**Brief descriptive captions**
= Beginning of Section =
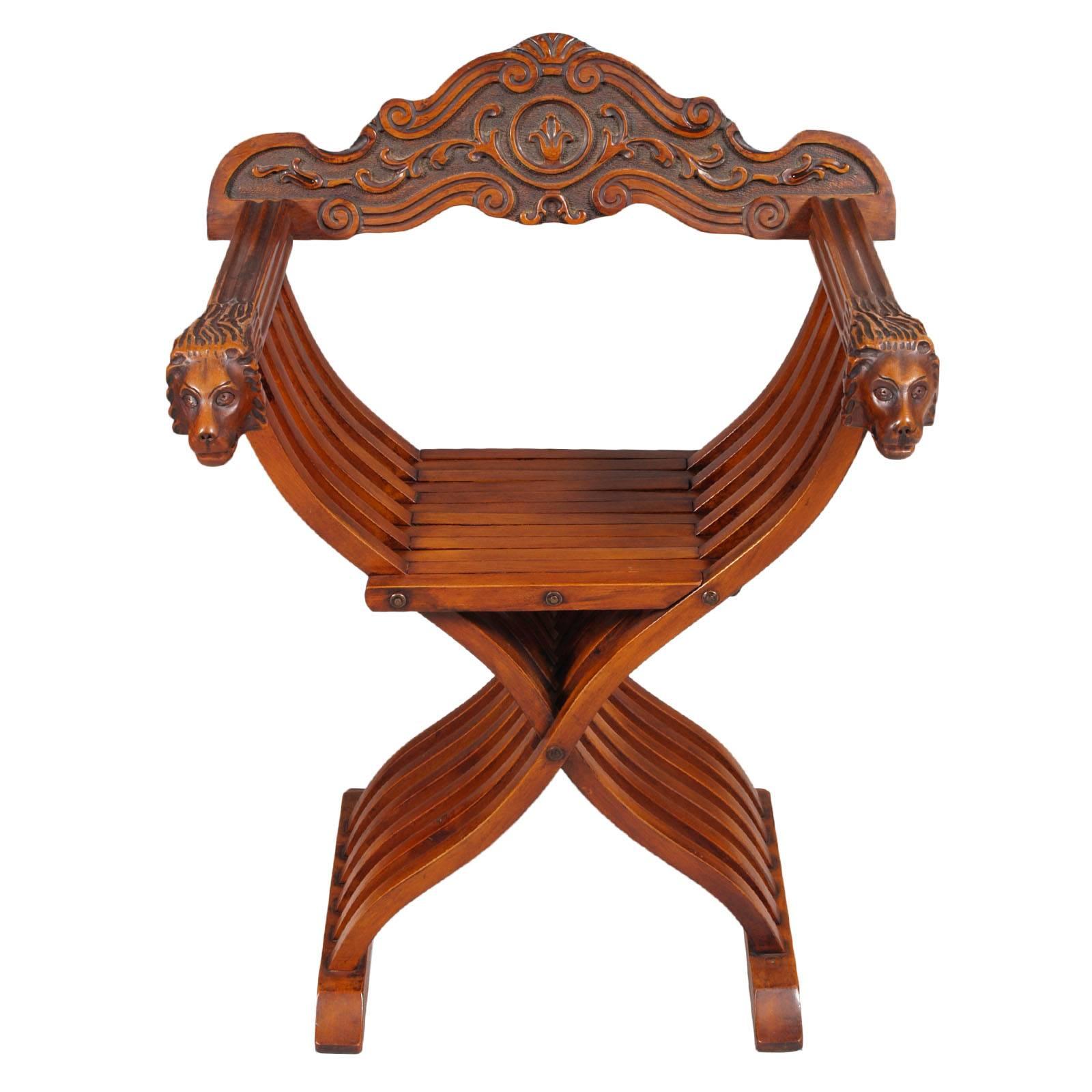 Important Original Florentine Renaissance Savonarola chair in carved walnut restored and polished to wax. Armrests ending with two finely hand-carved heads of lion: type of finish produced to indicate the power of the one who used it


About :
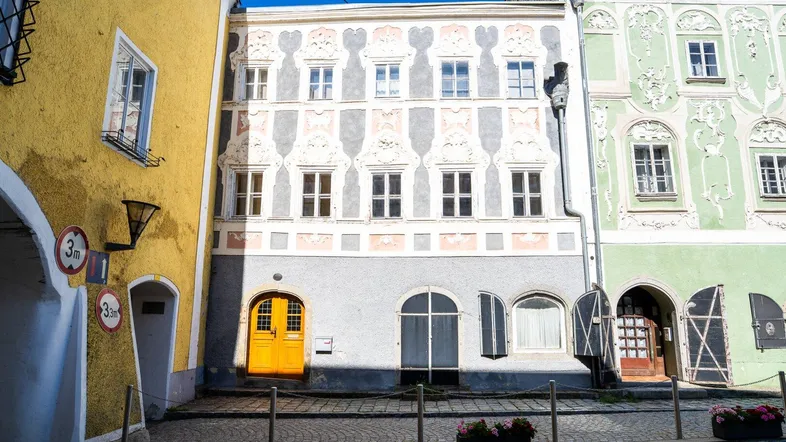 Historische Fassade eines Gebäudes mit kunstvollen Verzierungen und einer leuchtend gelben Eingangstür.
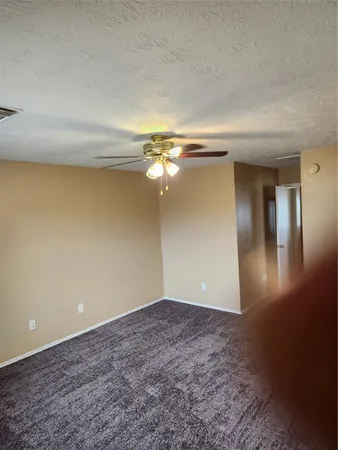 a view of a big room with closet and a chandelier fan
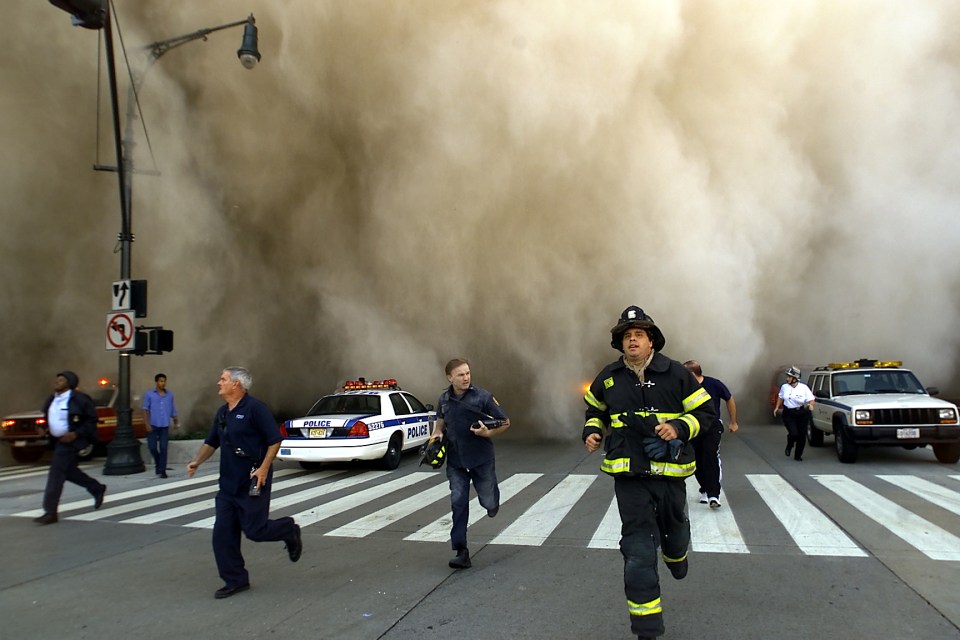 Police and firemen run away from the huge dust cloud caused as the World Trade Center’s Tower One collapses on September 11 2001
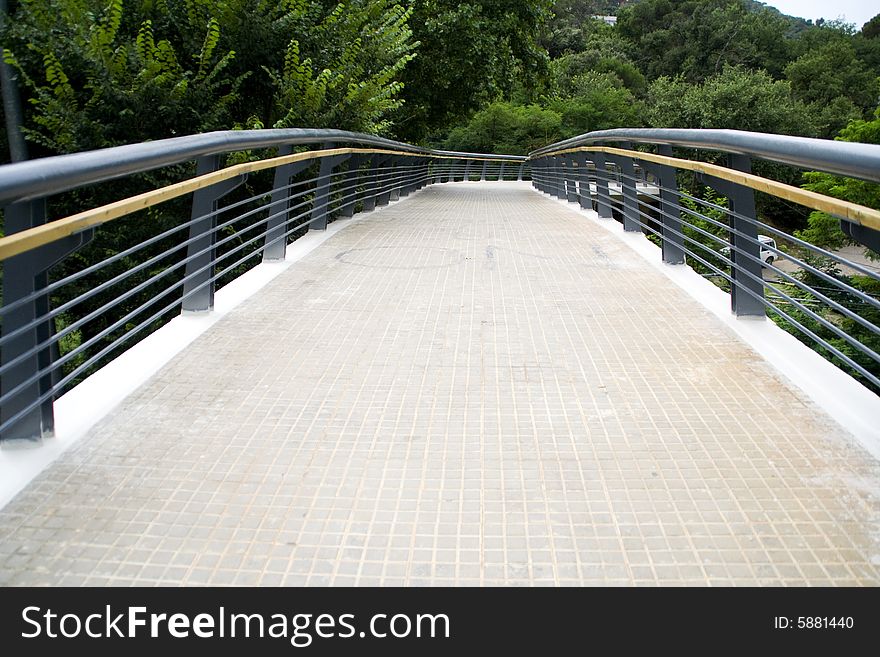 Entrance of a bridge with background of trees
= End of Section =
With the pictures excluded, transcribe word for word only the lines from the one containing "a view of a" through the last line of the records.

**Task answer**
 a view of a big room with closet and a chandelier fan
 Police and firemen run away from the huge dust cloud caused as the World Trade Center’s Tower One collapses on September 11 2001
 Entrance of a bridge with background of trees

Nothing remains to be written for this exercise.